Field development planning is critical in the development of successful EOR programmes. Various types of information are required from reservoirs regarding the interaction of the crude oil/brine/rock (COBR) system so as to optimize the EOR process. Core analysis studies are central to gathering the information needed for optimizing EOR. In this paper, investigation of the effect of brine salinity and temperature in the wettability of reservoir rocks is the focus of this paper.

The new contribution in the current work is that it provides a novel approach in combining experimental techniques: displacement tests, which is dominated by capillary imbibition, and non destructive, nuclear magnetic resonance (NMR), to track the effect of brine salinity and temperature in the COBR system. For the first time, this combination of techniques is applied in core scale experiments. Furthermore, the emphasis of rock interaction as a function of brine salinity and temperature was investigated by tracking the relative permeability behaviour during forced displacement experiments in a viscous dominated regime. Integration of the results from these experiments provides a framework for understanding COBR interaction in terms of wettability in static and dynamic displacements.

Four main results emerge from this study:

  • Reducing the salinity of brine with monovalent cations increases the oil recovery in sandstones. The presence of clay is not a necessary condition to observe the low salinity effect. The mechanism of increasing the oil recovery is by shifting the wettability of rock surface towards a more water-wet state.

  • Increasing temperature from 20˚C to 60˚C causes a large decrease (50%) of recovery factor, IAH and INMR suggesting that the wettability is shifted towards an oil-wet state.

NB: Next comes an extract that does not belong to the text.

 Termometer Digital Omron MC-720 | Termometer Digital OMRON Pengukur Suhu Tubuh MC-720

  • Increasing temperature in carbonates increases recovery factor by less than 4%. IAH and INMR indicate the wettability is not shifted significantly towards an water-wet state.

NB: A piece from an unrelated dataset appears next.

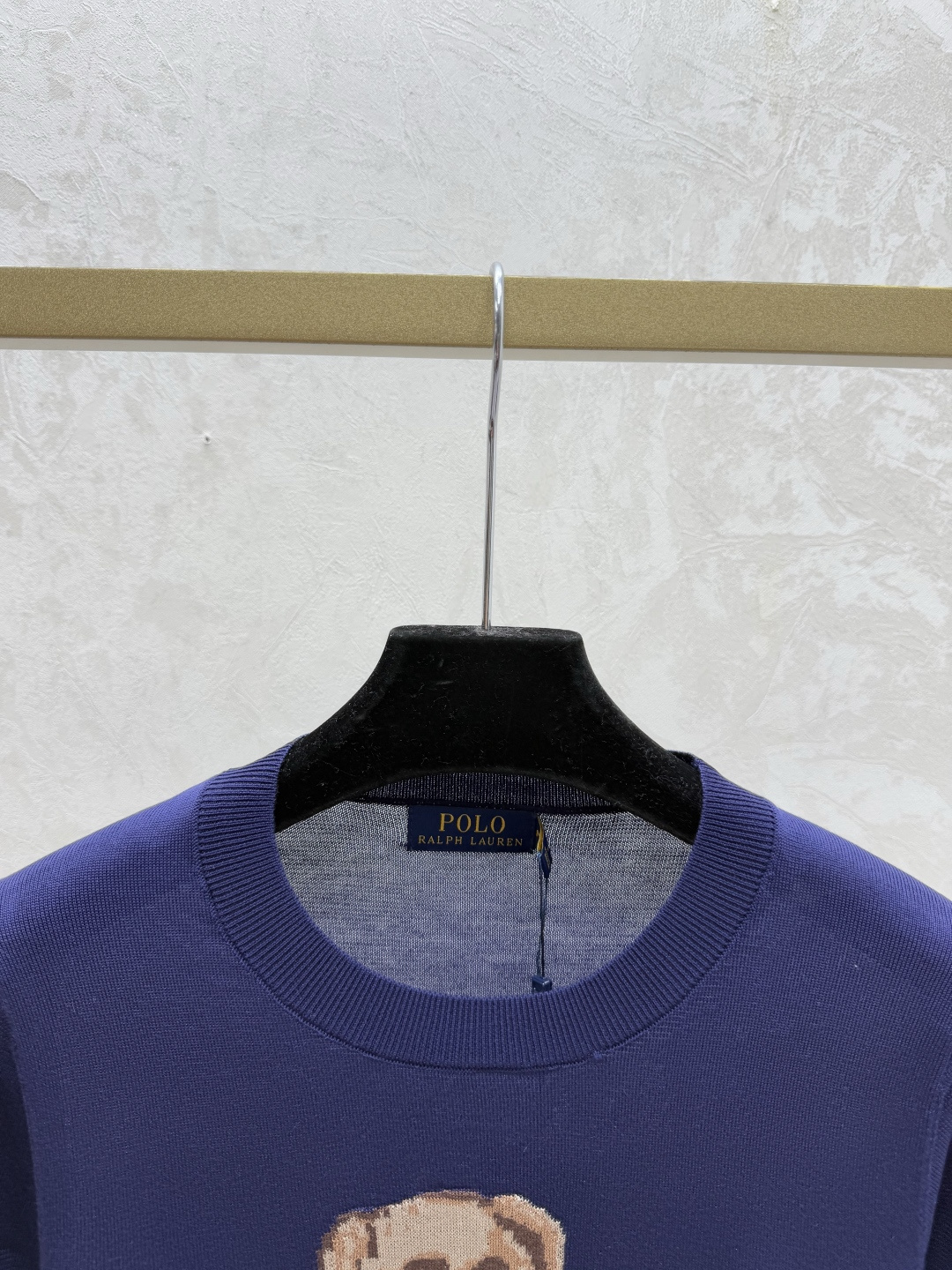 Ralph Lauren PO家 早春新款 撞色小熊圆领针织短袖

  • The dynamic viscous force effect has two patterns of injectivity to sweep the residual oil as brine salinity change. The first is sweeping the oil with high injectivity, which occurs between 0.5 M NaCl brine and 0.1 M NaCl brine. The second is sweeping the oil with loss of water injectivity between 0.1 M NaCl brine and 0.01 M NaCl brine. The potential reason of losing injectivity is attributed to a detachment of the clay that coats the grains leading to a blockage of pore throats.

The implication of these results can enhance the understanding of wettability alteration as part of reservoir managment during designing a field pilot test.